EXERCISE. Reproduce the listing in full. Keep every character unchanged.

INFORMATION SUPPLIED.
'''

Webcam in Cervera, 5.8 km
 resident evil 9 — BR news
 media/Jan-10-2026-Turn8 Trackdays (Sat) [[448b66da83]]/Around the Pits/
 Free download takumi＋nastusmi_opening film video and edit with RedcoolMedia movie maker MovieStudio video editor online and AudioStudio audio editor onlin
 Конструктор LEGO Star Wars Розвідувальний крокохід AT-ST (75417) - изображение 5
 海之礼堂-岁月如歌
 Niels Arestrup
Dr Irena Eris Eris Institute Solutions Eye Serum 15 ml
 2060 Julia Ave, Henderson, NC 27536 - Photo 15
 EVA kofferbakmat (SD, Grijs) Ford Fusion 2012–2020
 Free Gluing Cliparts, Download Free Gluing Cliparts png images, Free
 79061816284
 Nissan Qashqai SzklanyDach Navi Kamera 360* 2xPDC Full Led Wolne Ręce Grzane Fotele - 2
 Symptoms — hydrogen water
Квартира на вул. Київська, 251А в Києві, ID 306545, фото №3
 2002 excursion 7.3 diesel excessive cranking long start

'''

EXERCISE OUTPUT.
Webcam in Cervera, 5.8 km
 resident evil 9 — BR news
 media/Jan-10-2026-Turn8 Trackdays (Sat) [[448b66da83]]/Around the Pits/
 Free download takumi＋nastusmi_opening film video and edit with RedcoolMedia movie maker MovieStudio video editor online and AudioStudio audio editor onlin
 Конструктор LEGO Star Wars Розвідувальний крокохід AT-ST (75417) - изображение 5
 海之礼堂-岁月如歌
 Niels Arestrup
Dr Irena Eris Eris Institute Solutions Eye Serum 15 ml
 2060 Julia Ave, Henderson, NC 27536 - Photo 15
 EVA kofferbakmat (SD, Grijs) Ford Fusion 2012–2020
 Free Gluing Cliparts, Download Free Gluing Cliparts png images, Free
 79061816284
 Nissan Qashqai SzklanyDach Navi Kamera 360* 2xPDC Full Led Wolne Ręce Grzane Fotele - 2
 Symptoms — hydrogen water
Квартира на вул. Київська, 251А в Києві, ID 306545, фото №3
 2002 excursion 7.3 diesel excessive cranking long start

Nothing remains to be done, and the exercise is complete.